Returns structured metadata for all model configuration fields, organized by section. Each field includes its YAML path, Go type, UI type, label, description, default value, validation constraints, and available options.

```bash
# All fields
curl http://localhost:8080/api/models/config-metadata

# Filter by section
curl http://localhost:8080/api/models/config-metadata?section=parameters
```

### Autocomplete values

`GET /api/models/config-metadata/autocomplete/:provider`

Returns runtime values for dynamic fields. Providers include `backends`, `models`, `models:chat`, `models:tts`, `models:transcript`, `models:vad`.

```bash
# List available backends
curl http://localhost:8080/api/models/config-metadata/autocomplete/backends

# List chat-capable models
curl http://localhost:8080/api/models/config-metadata/autocomplete/models:chat
```

### Read model config

`GET /api/models/config-json/:name`

Returns the full model configuration as JSON:

```bash
curl http://localhost:8080/api/models/config-json/my-model
```

### Update model config

`PATCH /api/models/config-json/:name`

Deep-merges a JSON patch into the existing model configuration. Only include the fields you want to change:

```bash
curl -X PATCH http://localhost:8080/api/models/config-json/my-model \
  -H "Content-Type: application/json" \
  -d '{"context_size": 16384, "gpu_layers": 40}'
```

The endpoint validates the merged config and writes it to disk as YAML.
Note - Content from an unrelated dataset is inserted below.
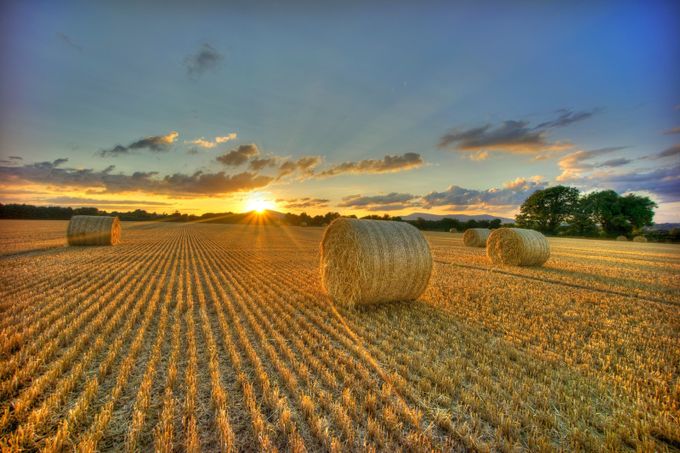 Straw Sunset  by myleslambert - Dry Fields Photo Contest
{{% notice context="warning" %}}
Config management endpoints require **admin authentication** when API keys are configured. The discovery and instructions endpoints are unauthenticated.
{{% /notice %}}

### VRAM estimation

`POST /api/models/vram-estimate`

Estimates VRAM usage for an installed model based on its weight files, context size, and GPU layer offloading:

```bash
curl -X POST http://localhost:8080/api/models/vram-estimate \
  -H "Content-Type: application/json" \
  -d '{"model": "my-model", "context_size": 8192}'
```

```json
{
  "sizeBytes": 4368438272,
  "sizeDisplay": "4.4 GB",
  "vramBytes": 6123456789,
  "vramDisplay": "6.1 GB",
  "context_note": "Estimate used default context_size=8192. The model's trained maximum context is 131072; VRAM usage will be higher at larger context sizes.",
  "model_max_context": 131072
}
```

Optional parameters: `gpu_layers` (number of layers to offload, 0 = all), `kv_quant_bits` (KV cache quantization, 0 = fp16).

## Integration guide

A recommended workflow for agent/tool builders:

1. **Discover**: Fetch `/.well-known/localai.json` to learn available endpoints and capabilities
2. **Browse instructions**: Fetch `/api/instructions` for an overview of instruction areas
3. **Deep dive**: Fetch `/api/instructions/:name` for a markdown API guide on a specific area
4. **Explore config**: Use `/api/models/config-metadata` to understand configuration fields
5. **Interact**: Use the standard OpenAI-compatible endpoints for inference, and the config management endpoints for runtime tuning

## Swagger UI

The full interactive API documentation is available at `/swagger/index.html`. All annotated endpoints can be explored and tested directly from the browser.